[Collection entries]
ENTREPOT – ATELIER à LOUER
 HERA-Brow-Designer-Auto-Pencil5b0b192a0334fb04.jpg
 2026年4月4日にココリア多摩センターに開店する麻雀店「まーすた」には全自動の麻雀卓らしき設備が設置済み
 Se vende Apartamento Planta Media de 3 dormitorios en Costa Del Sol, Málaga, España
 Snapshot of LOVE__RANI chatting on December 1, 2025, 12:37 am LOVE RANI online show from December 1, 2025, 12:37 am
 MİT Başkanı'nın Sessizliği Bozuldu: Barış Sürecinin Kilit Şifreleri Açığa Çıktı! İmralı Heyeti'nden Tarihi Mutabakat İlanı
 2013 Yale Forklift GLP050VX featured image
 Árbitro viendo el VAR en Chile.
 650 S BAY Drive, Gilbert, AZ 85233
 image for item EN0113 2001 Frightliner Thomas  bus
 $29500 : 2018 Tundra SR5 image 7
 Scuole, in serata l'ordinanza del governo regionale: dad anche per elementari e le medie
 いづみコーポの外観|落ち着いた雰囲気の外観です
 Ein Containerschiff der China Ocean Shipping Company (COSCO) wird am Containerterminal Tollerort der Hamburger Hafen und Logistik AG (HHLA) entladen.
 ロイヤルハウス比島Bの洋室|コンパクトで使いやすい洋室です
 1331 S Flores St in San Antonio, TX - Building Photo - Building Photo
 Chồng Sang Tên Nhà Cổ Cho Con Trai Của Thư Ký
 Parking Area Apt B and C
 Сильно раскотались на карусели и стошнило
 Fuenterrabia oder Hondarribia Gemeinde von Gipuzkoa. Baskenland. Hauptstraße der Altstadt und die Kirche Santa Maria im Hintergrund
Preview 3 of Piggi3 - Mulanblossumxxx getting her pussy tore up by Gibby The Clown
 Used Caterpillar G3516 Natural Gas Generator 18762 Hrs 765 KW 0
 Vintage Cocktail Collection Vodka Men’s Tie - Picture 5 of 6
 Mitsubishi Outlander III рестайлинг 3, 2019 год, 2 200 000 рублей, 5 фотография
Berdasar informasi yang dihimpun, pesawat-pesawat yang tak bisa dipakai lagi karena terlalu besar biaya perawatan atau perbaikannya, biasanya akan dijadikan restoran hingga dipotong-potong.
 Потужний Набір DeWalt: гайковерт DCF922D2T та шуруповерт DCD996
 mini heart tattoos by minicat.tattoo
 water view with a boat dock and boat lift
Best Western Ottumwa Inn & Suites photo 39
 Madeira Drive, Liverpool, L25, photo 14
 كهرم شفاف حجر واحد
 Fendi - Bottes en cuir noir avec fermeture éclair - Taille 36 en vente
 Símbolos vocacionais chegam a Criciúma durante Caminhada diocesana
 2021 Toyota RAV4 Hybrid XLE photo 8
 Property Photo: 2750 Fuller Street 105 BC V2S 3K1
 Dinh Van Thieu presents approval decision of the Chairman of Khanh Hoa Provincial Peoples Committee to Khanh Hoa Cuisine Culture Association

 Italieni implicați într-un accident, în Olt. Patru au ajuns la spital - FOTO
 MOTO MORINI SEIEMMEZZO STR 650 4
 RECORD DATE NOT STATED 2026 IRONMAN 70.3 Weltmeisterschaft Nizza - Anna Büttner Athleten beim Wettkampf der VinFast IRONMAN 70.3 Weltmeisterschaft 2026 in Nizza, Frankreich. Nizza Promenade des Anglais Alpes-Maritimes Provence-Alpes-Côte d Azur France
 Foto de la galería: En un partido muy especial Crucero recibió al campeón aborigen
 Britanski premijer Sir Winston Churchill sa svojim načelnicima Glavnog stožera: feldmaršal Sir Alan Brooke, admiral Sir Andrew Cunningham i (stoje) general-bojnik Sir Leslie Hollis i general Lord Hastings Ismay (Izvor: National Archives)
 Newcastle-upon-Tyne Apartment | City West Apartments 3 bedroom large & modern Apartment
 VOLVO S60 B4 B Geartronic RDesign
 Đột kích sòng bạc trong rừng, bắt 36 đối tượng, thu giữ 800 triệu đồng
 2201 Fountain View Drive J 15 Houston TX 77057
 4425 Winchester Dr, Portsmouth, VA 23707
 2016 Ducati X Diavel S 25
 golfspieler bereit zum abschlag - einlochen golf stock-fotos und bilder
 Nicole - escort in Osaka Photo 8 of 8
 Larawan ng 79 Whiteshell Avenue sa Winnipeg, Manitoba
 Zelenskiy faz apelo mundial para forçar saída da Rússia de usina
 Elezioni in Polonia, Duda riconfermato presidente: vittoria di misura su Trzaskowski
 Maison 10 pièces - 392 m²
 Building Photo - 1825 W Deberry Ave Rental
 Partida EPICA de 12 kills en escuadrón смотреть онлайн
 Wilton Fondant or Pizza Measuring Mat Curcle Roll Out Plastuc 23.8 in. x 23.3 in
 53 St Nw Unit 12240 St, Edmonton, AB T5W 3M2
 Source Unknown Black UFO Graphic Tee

INSTRUCTIONS FOR THE TASK: From the records above, extract exactly and only the lines that begin at the line with "4425 Winchester Dr, Portsmouth, VA 23707" and stop after the line with "Building Photo - 1825 W Deberry Ave Rental".

SOLUTION FOR THIS PROBLEM:
 4425 Winchester Dr, Portsmouth, VA 23707
 2016 Ducati X Diavel S 25
 golfspieler bereit zum abschlag - einlochen golf stock-fotos und bilder
 Nicole - escort in Osaka Photo 8 of 8
 Larawan ng 79 Whiteshell Avenue sa Winnipeg, Manitoba
 Zelenskiy faz apelo mundial para forçar saída da Rússia de usina
 Elezioni in Polonia, Duda riconfermato presidente: vittoria di misura su Trzaskowski
 Maison 10 pièces - 392 m²
 Building Photo - 1825 W Deberry Ave Rental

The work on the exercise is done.